Doubting There Is a Problem With Relational
In a series of other blog posts, I explained at a high level that relational databases are not designed for change, for scale, for heterogeneous data, for mixed workloads, or for modern app development. A lot of people commented on those posts with many great questions. Rather than address each question one by one, I thought it would be better write this post to discuss the common objections that were brought up, and provide some answers that I hope will help (or at least generate more healthy discussion).
The real problem that causes projects to go more slowly or never finish is that they require you to model your data into a single schema—before you load any data. Yes, the schema can change, but you’re still locked into having that one über schema. That is extremely problematic when you get new data sources or want to ask new questions that you haven’t planned or modeled for.
Yes, an incremental change like adding a table or changing the data type for a column may be relatively easy. I admit to being hyperbolic when I said that it takes a million dollars to change a column (though that truly was for one of our large customers).
But what about other types of changes that are more complex?
One example of a more complex change is a fundamental “nature of the customer” question that deals with how disparate data changes over time. For example, what if you need to simultaneously query what your data about your customers, orders, and stores looked like last month and what the data looks like today. In a relational database, that information may be spread across multiple tables in multiple silos, and there may be multiple versions that represent different snapshots at different points in time. In a relational database, conceptual data modeling changes often break things in the database and through the middleware and application stack, so capturing changes and asking hard questions becomes impossible.
It’s not just about one change, though. Your data is constantly in flux and changes are being made all the time as new data comes in and new data goes out. In that environment, how would you ever build a single, unified conceptual and physical model with a static relational database? You can’t just shut down the database if it’s your central operational data hub that runs the business. You need to (cliché alert) swap the wings of the airplane in-flight and such a feat is not only expensive but usually impossible.
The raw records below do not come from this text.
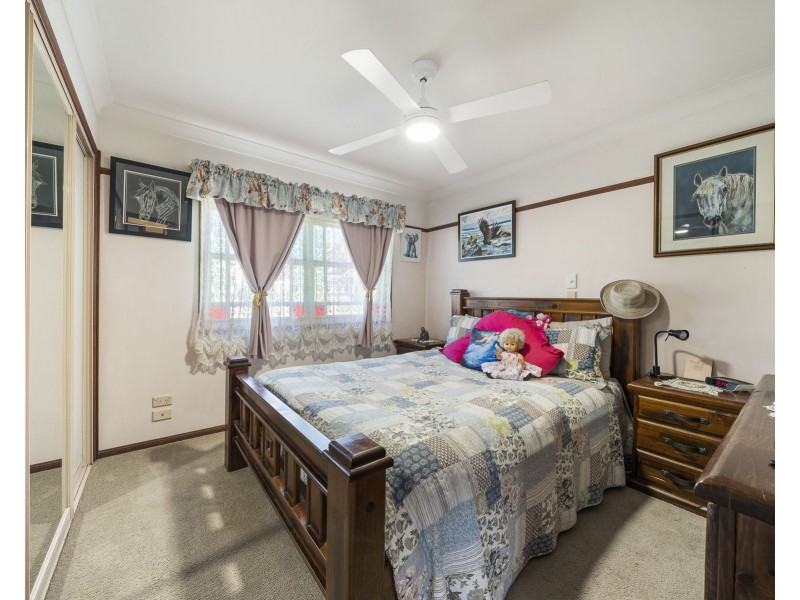 2/17 Hamilton Street, Newtown QLD 4350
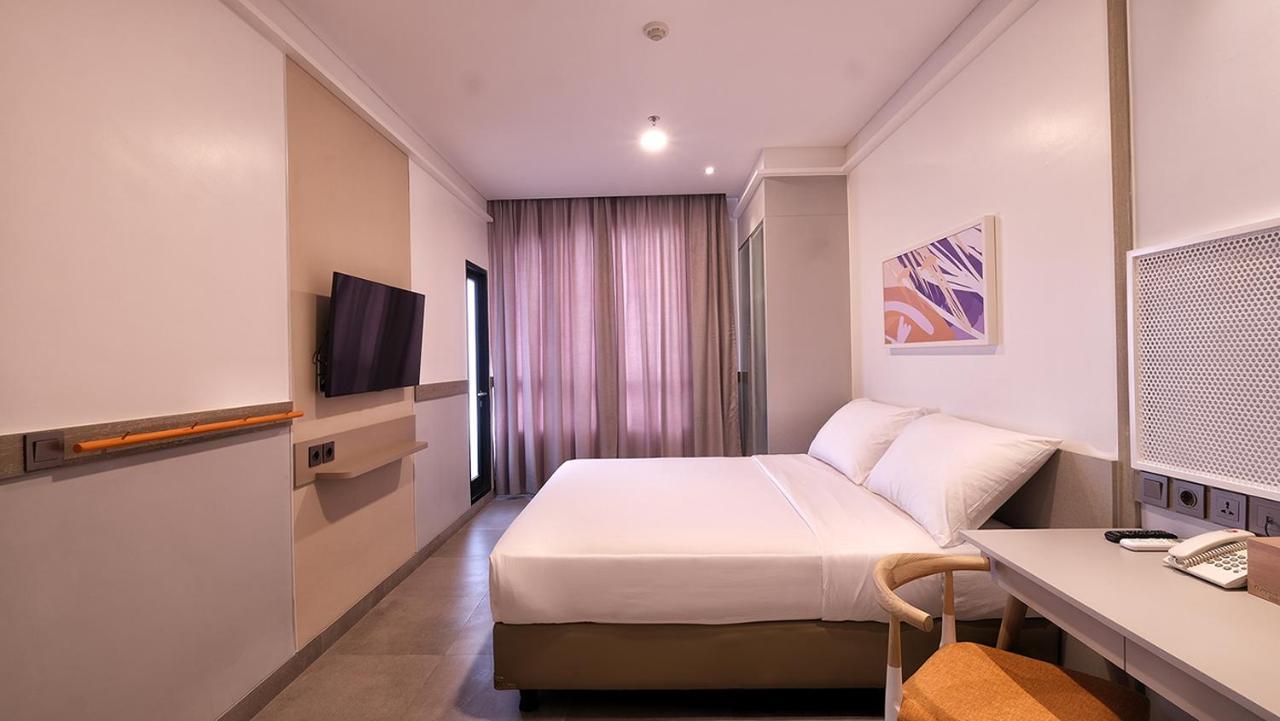 Joylive Bsd City Tangerang Exteriör bild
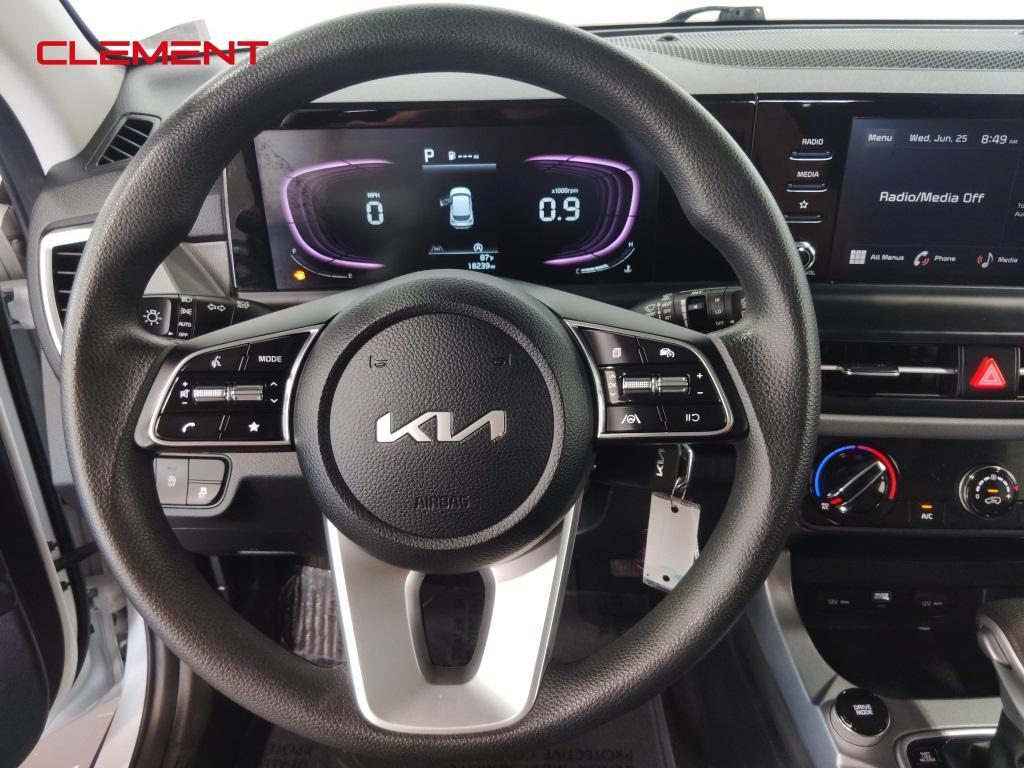 used 2024 Kia Seltos car, priced at $23,300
This may not be a huge problem for every use case and every organization, but it certainly is for many of the organizations we work with. These are the types of problems that take two to five years and millions of dollars to resolve. For example, one of the large banks we worked with needed to meet regulatory hurdles imposed on them. They also had dozens of different front office trading systems, all of which used different, changing data models. They spent over two years trying to build their über schema in Oracle and finally gave up. With MarkLogic, they put a new system into production in six months. It wasn’t because they wanted to “worry about the details later.”
The system is running their bank. The bank chose MarkLogic because they wanted to use an iterative, flexible approach to modeling their data. And, they wanted that data to be useful for many applications, not just one.
This is not an isolated example—organizations regularly see projects being completed 4x faster than with relational. In one instance at a Fortune 500 insurance company, the data modeling phase went 15x faster than with relational.
Gone are the days of single app databases. As MarkLogic product manager Justin Makeig says, “Applications are ephemeral—data is forever.”
This is the same scenario that has played out in every vertical where data integration is a huge challenge. If you have some time, you can watch the presentation from Mike Fillion at Aetna that goes into more depth about data modeling challenges with relational. The story is the same: Data modeling with relational was taking too long, and then they used MarkLogic and finished their project. With flexible data modeling, you avoid the risk of building the wrong thing and you have a better platform for making changes later.
If you’re interested in more on this topic, I discuss how MarkLogic makes data modeling easier and faster in another blog post focused on ETL.
Relational databases were built to store structured data in rows and columns, not document data like JSON and XML. If you keep up with database news, however, you may have heard the claims that relational vendors now support JSON.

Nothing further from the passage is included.